ASSIGNED TASK
Could you give again exactly, and only, the lines from the one holding "Brie-et-Angonnes Cottage |" through the end of the data, both ends included, with pictures left out?

EXERCISE MATERIALS

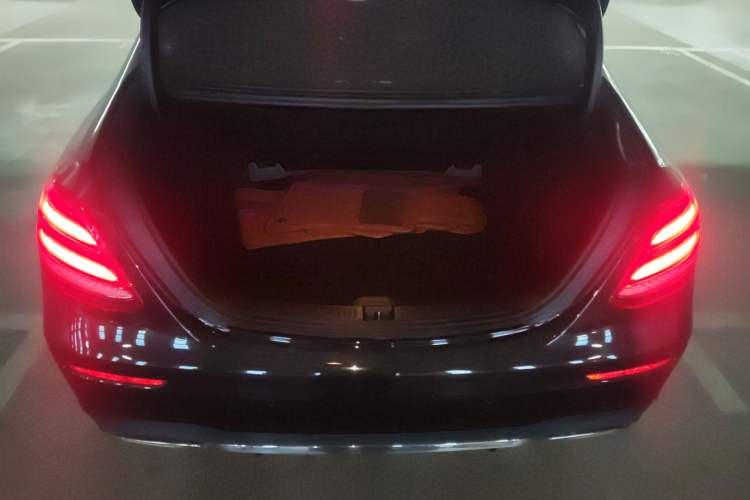 Used Mercedes-Benz E-Class 2016 E 300 L Sporty and Stylish Model
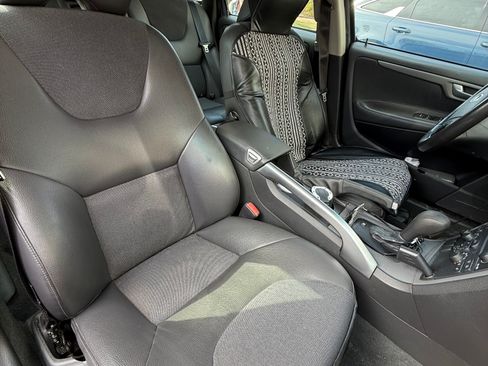 Used 2006 Volvo XC70 Ocean Race Edition image 5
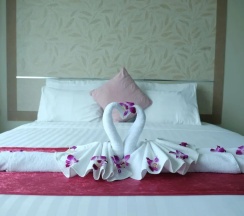 Одноместный люкс в The Beach Front Resort Pattaya - SHA Plus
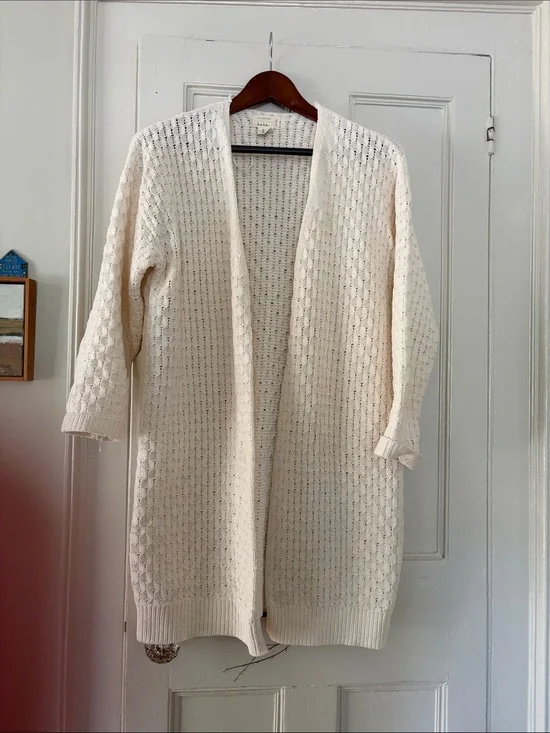 Nicole miller Artelier ivory cardigan size small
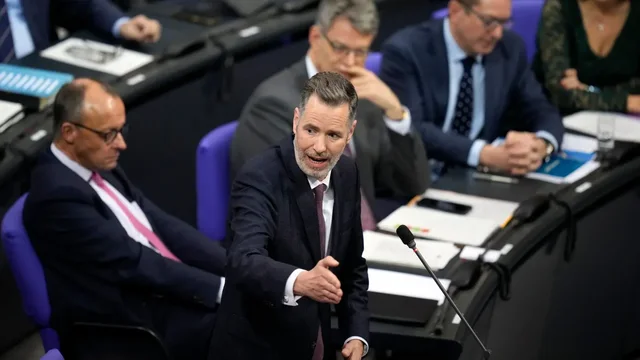 Gjermani / Kryetari i FDP-s&euml; jep dor&euml;heqjen pas humbjeve n&euml;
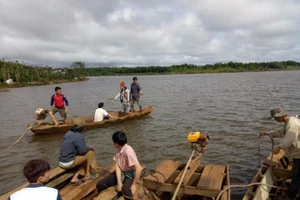 Lật thuyền trên hồ thủy điện, 1 gia đình mất tích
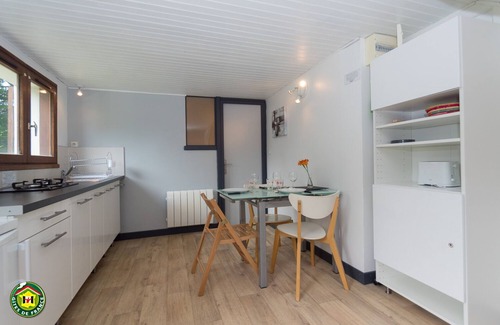 Brie-et-Angonnes Cottage | Gîte 25 m2 duplex, on the ground floor, in an autonomous building.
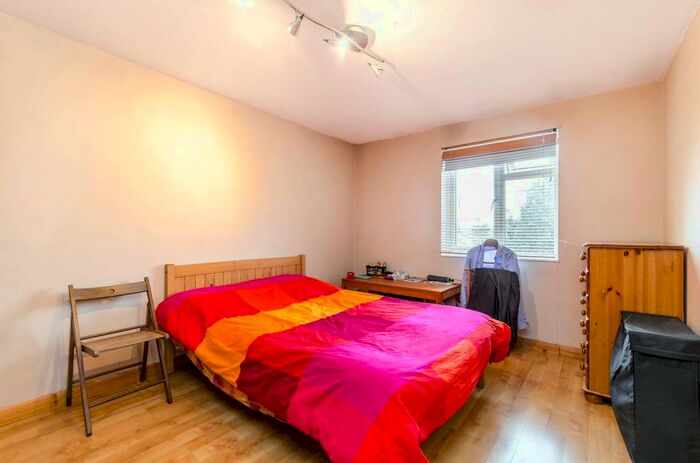 2 Bedroom Flat To Rent In Wantage Road, Lee, London, SE12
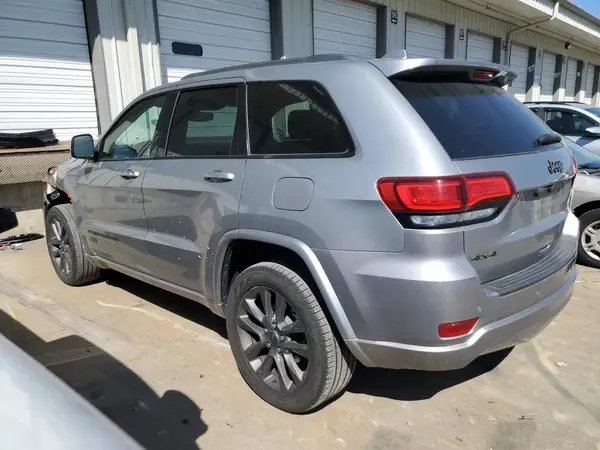 1C4RJFBGXHC607261 2017 JEEP GRAND CHEROKEE - Image 2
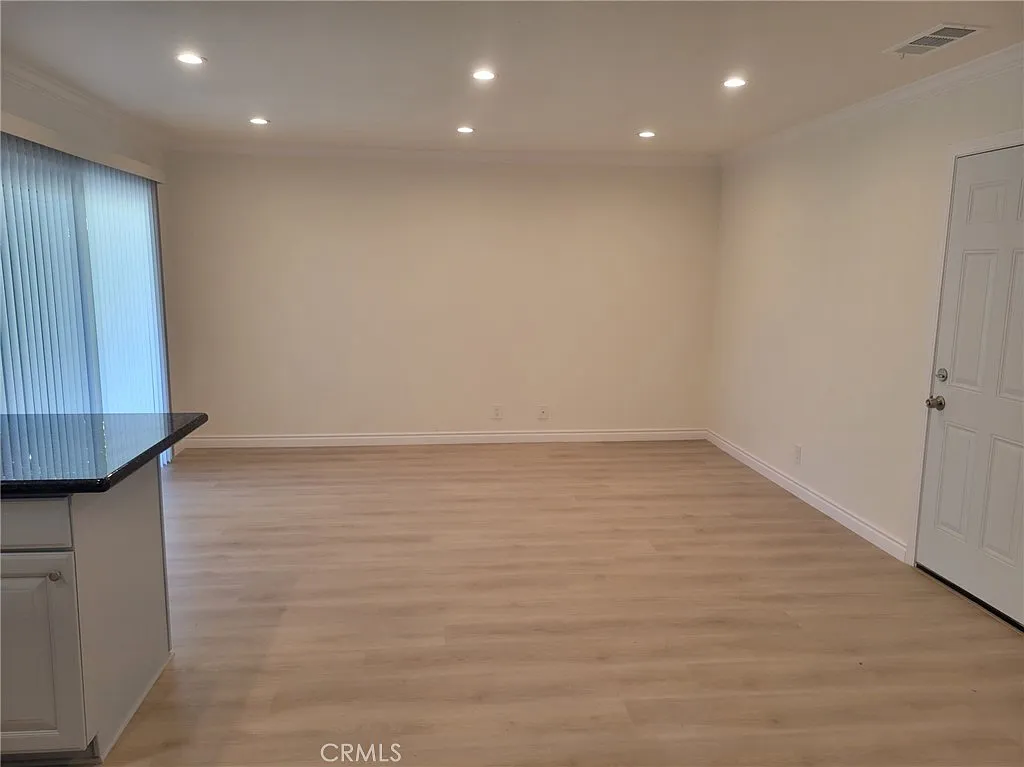 3 bed, 1460 sqft, $4,300 — Photo 3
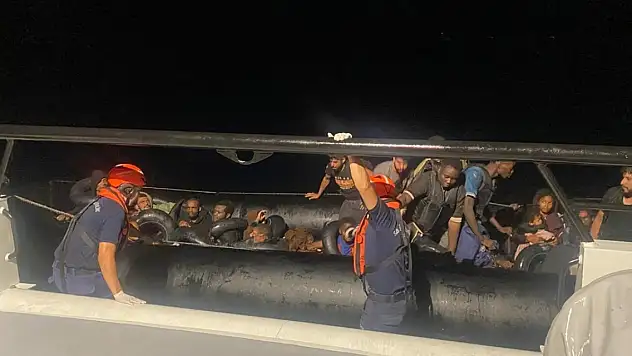 İzmir'de 83 düzensiz göçmen yakalandı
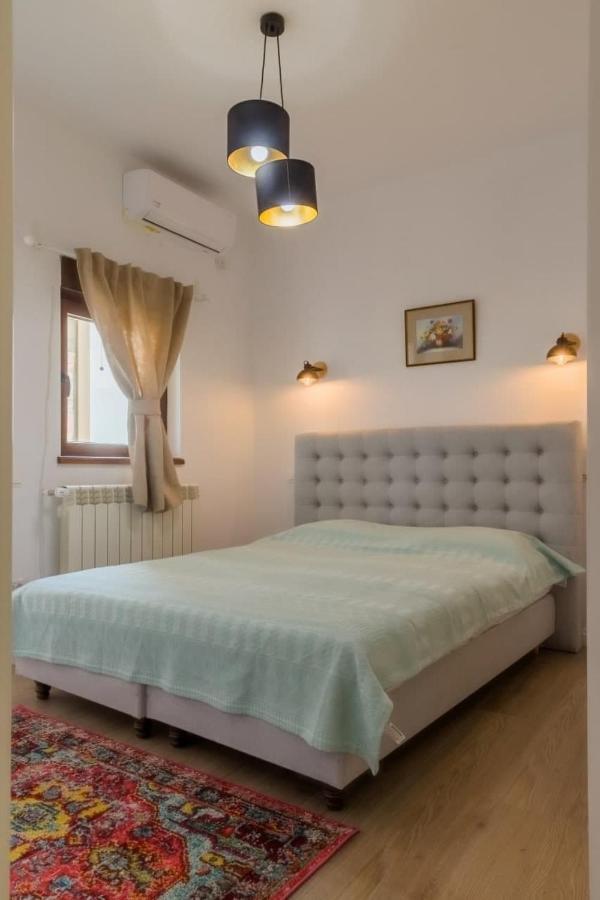 בוקרשט Inova Central Apartment מראה חיצוני תמונה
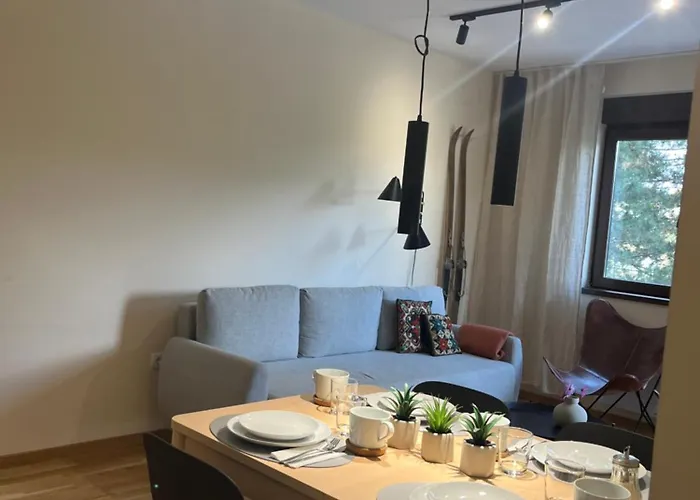 Sunny View Lägenhet *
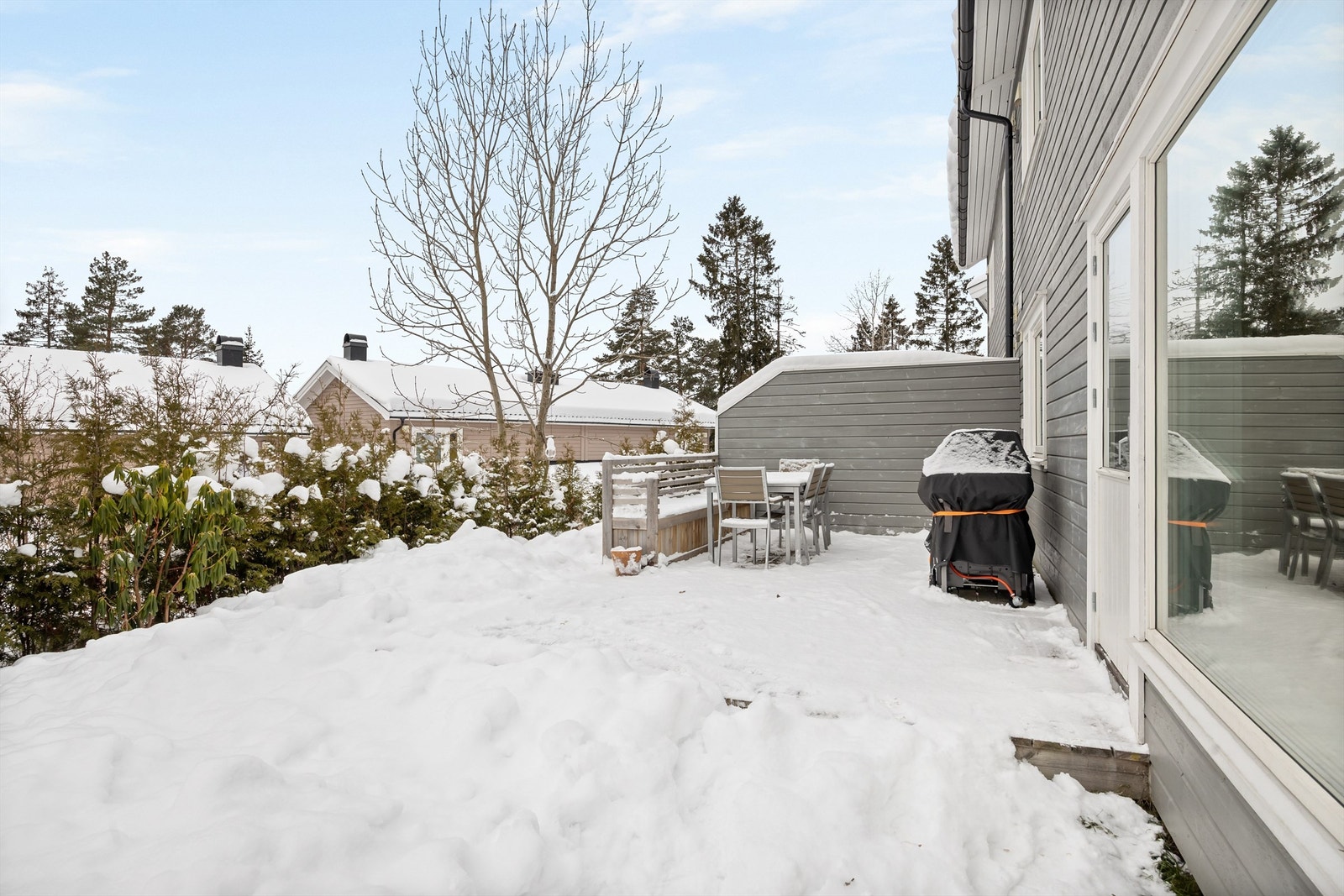 Sydvestvendt platting på ca. 19 kvm med levegg og terrassebord av tre Galleribilde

ANSWER AREA
 Brie-et-Angonnes Cottage | Gîte 25 m2 duplex, on the ground floor, in an autonomous building.
 2 Bedroom Flat To Rent In Wantage Road, Lee, London, SE12
 1C4RJFBGXHC607261 2017 JEEP GRAND CHEROKEE - Image 2
 3 bed, 1460 sqft, $4,300 — Photo 3
 İzmir'de 83 düzensiz göçmen yakalandı
 בוקרשט Inova Central Apartment מראה חיצוני תמונה
 Sunny View Lägenhet *
 Sydvestvendt platting på ca. 19 kvm med levegg og terrassebord av tre Galleribilde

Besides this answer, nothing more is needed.